#### Raw data:
*** Block opens ***

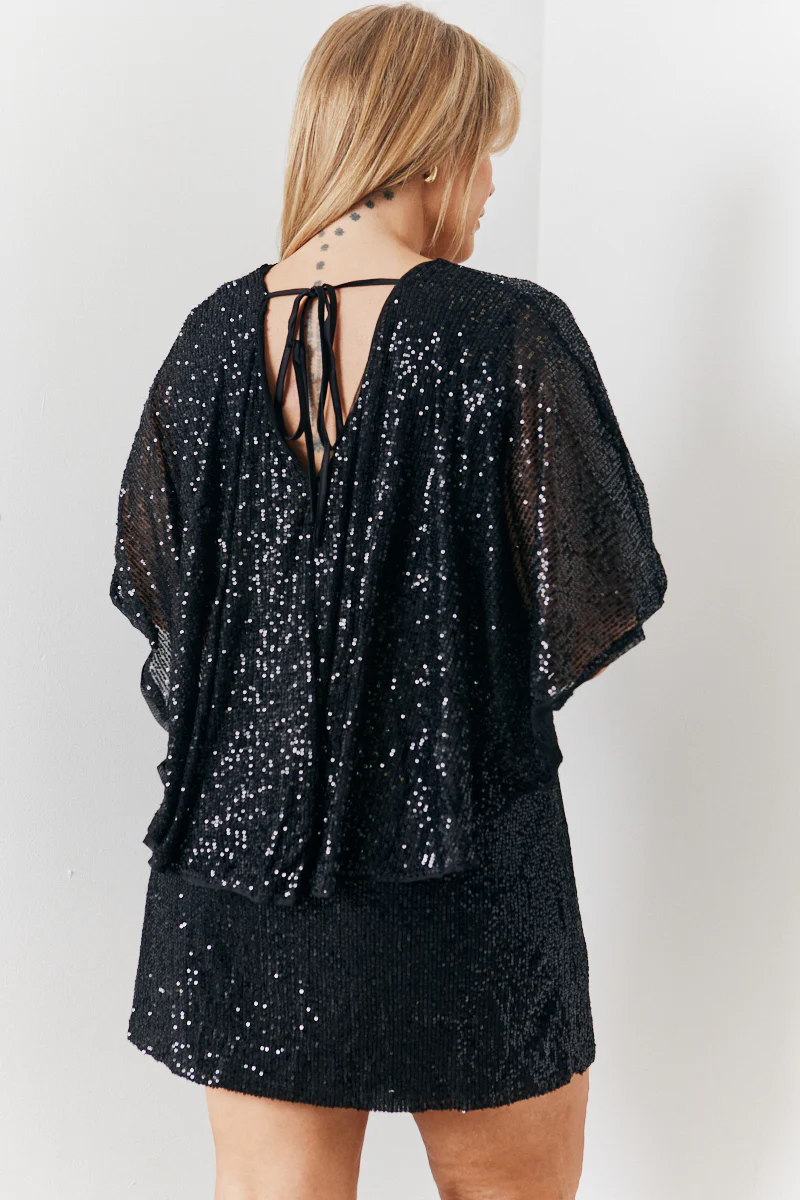 Sequin Drape Detail Wrap Front Mini Dress - Image 3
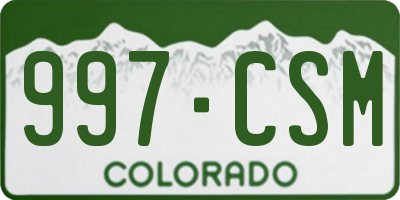 CO license plate 997CSM
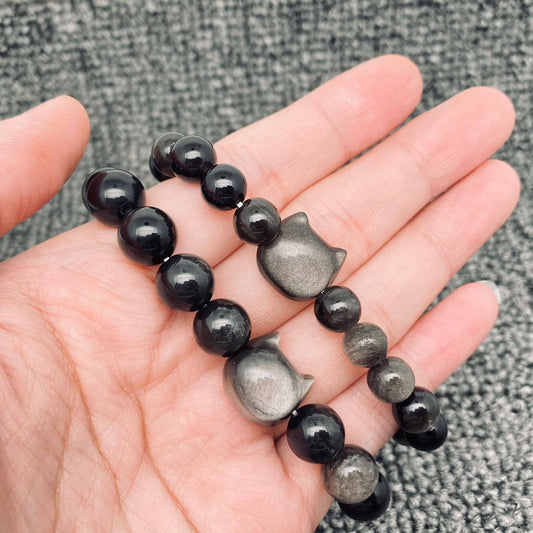 Silver Obsidian Beaded Cat Head Bracelet (Single Bracelet)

*** Block closes ***

The listing above must be given again exactly, minus its pictures.

#### Problem solution:
 Sequin Drape Detail Wrap Front Mini Dress - Image 3
 CO license plate 997CSM
 Silver Obsidian Beaded Cat Head Bracelet (Single Bracelet)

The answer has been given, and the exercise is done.